• _Data under study_
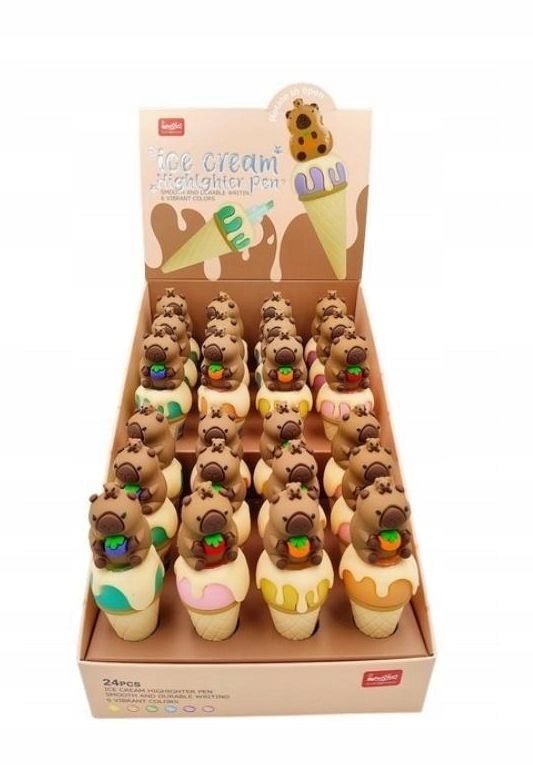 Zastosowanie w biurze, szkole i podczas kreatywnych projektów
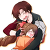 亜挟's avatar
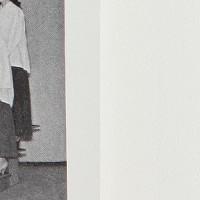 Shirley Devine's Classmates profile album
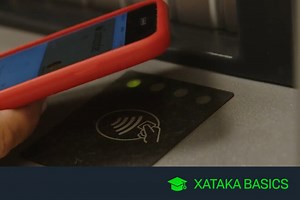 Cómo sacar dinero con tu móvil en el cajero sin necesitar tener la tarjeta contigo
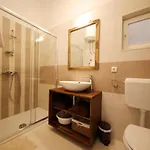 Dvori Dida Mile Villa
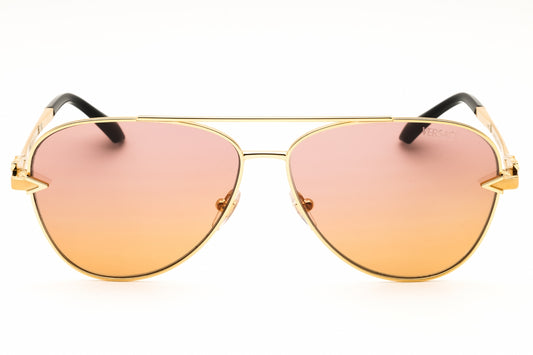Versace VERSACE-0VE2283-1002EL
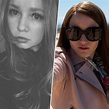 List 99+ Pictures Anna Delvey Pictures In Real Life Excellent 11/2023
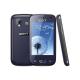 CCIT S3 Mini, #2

• _Problem statement_
The response consists of the data above printed line for line, with no pictures.

• _Result of this task_
 Zastosowanie w biurze, szkole i podczas kreatywnych projektów
 亜挟's avatar
 Shirley Devine's Classmates profile album
 Cómo sacar dinero con tu móvil en el cajero sin necesitar tener la tarjeta contigo
 Dvori Dida Mile Villa
Versace VERSACE-0VE2283-1002EL
 List 99+ Pictures Anna Delvey Pictures In Real Life Excellent 11/2023
 CCIT S3 Mini, #2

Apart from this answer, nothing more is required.